SOURCE MATERIAL

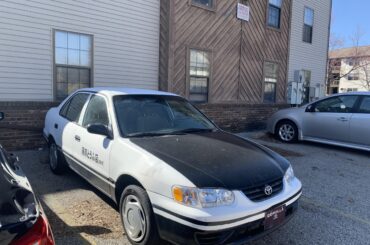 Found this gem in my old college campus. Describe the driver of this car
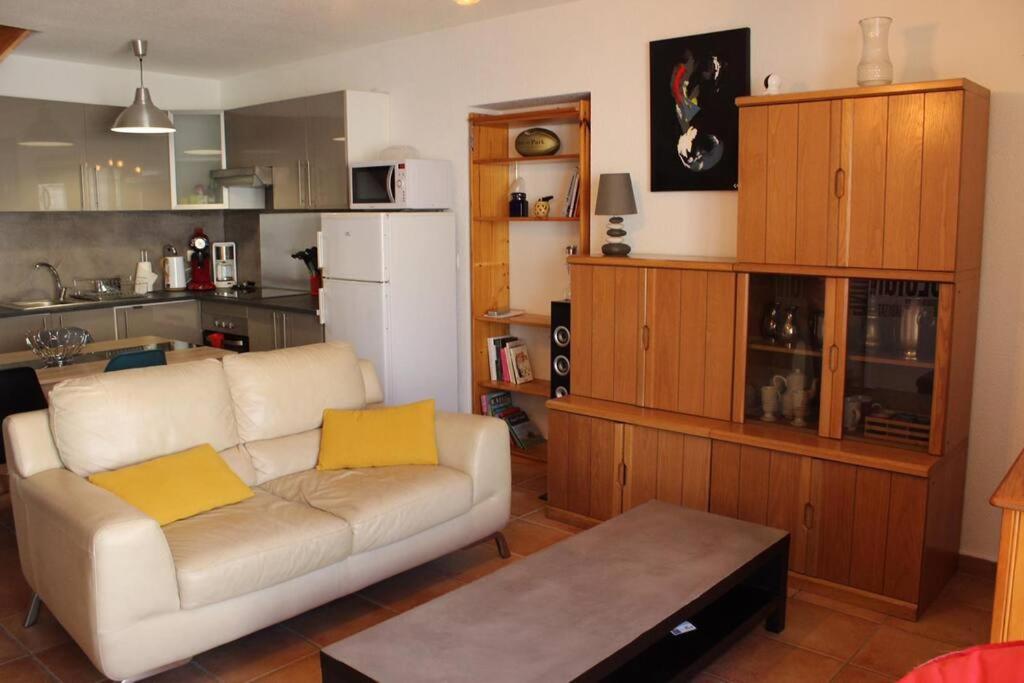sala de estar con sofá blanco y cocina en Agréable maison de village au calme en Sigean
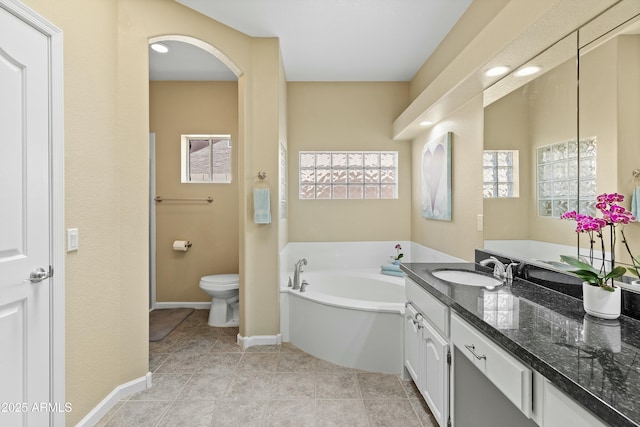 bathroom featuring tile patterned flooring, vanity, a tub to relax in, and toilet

EXERCISE BRIEF
Transcribe the listing exactly; omit all images.

TASK RESULT
 Found this gem in my old college campus. Describe the driver of this car
sala de estar con sofá blanco y cocina en Agréable maison de village au calme en Sigean
 bathroom featuring tile patterned flooring, vanity, a tub to relax in, and toilet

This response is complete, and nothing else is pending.